The work for which Hale is best known is his historical short story “The
Man without a Country” (1863), first published in The Atlantic Monthly,
later appearing in a collection of Hale’s fiction, If, Yes, and Perhaps . . .
(1868), and adapted into three films of the same name (1917, 1925, 1937).
The story’s narrator is a retired navy captain, Frederic Ingham, who with
the same name but in different guises narrates a number of Hale’s stories.

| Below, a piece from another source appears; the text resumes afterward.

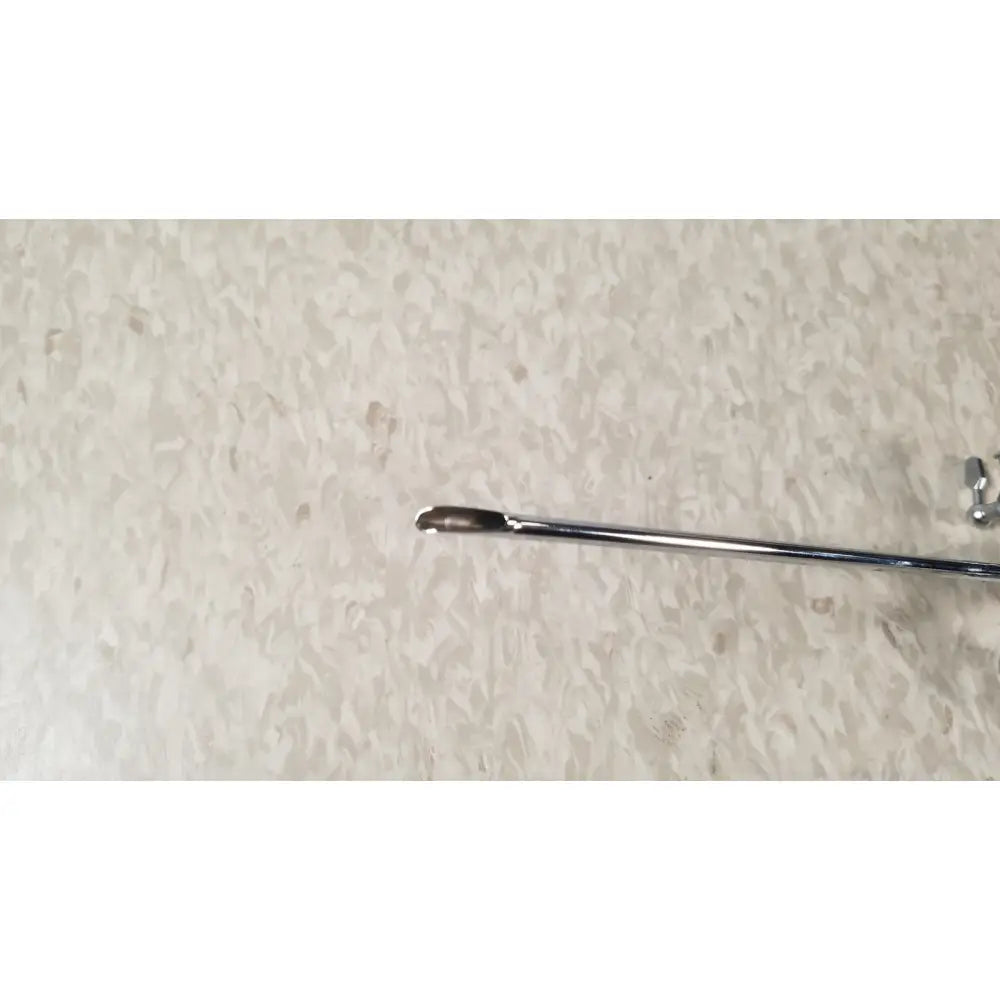 A sleek chrome-finished metal olympus a3722 pediatric sheath with a slender handle and curved tip for medical use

Ingham traces the career of Philip Nolan, an army officer whom Aaron Burr
entices into joining his treasonous plot. At his court-martial, Nolan rejects
the United States and is sentenced to a life of exile aboard American ships
where he will never again see or hear of his native land. Metaphorically,
Nolan is doomed to be forever adrift, forever at sea with himself.
An officer named Philip Nolan did exist, but he bore only superficial
resemblance to Hale’s protagonist. Nevertheless, many have assumed Hale’s
fictional narrative to be rooted in fact: a sermon on patriotism, on nationalism, and even (through incidents such as an encounter with a ship bearing
enchained Africans) on the evil of slavery. The numerous references to actual
people and events, as well as the absence of traditional techniques, such as
a turning point or plot surprises, create this verisimilitude.